Activity
Omit the images and output every line of the data below exactly.

[Data section]

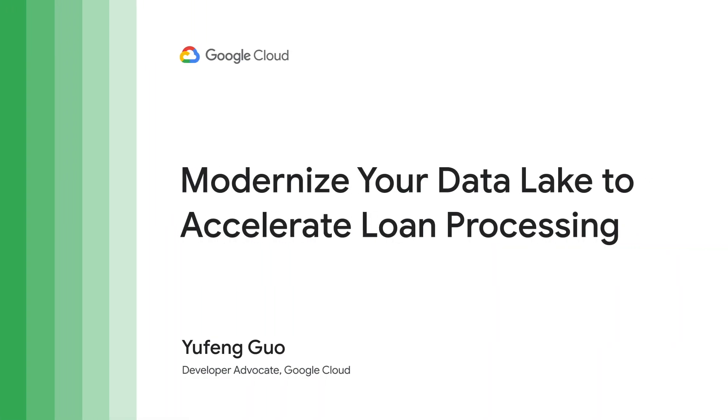Hi, my name is Yufeng Guo, and today we're going to explore how Google Cloud's Data Lake solution allows enterprises to securely ingest, store, process, and analyze any volume or type of data.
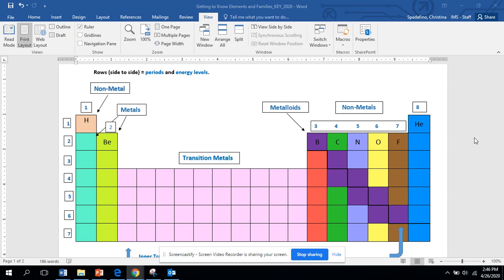Before you get started, you need a blank periodic table so you can use the one we provided, print it, or have it readily available digitally. Some of you have drawing tools, you can use those obviously.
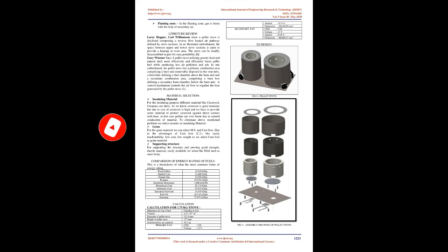Pyrolysis zone: Pyrolysis is a thermochemical decomposition of organic material at elevated temperatures without the participation of oxygen. The pyrolysis gas is forming in this zone due to the decomposition of pellets.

[/Data section]

Solution to this task
Hi, my name is Yufeng Guo, and today we're going to explore how Google Cloud's Data Lake solution allows enterprises to securely ingest, store, process, and analyze any volume or type of data.
Before you get started, you need a blank periodic table so you can use the one we provided, print it, or have it readily available digitally. Some of you have drawing tools, you can use those obviously.
Pyrolysis zone: Pyrolysis is a thermochemical decomposition of organic material at elevated temperatures without the participation of oxygen. The pyrolysis gas is forming in this zone due to the decomposition of pellets.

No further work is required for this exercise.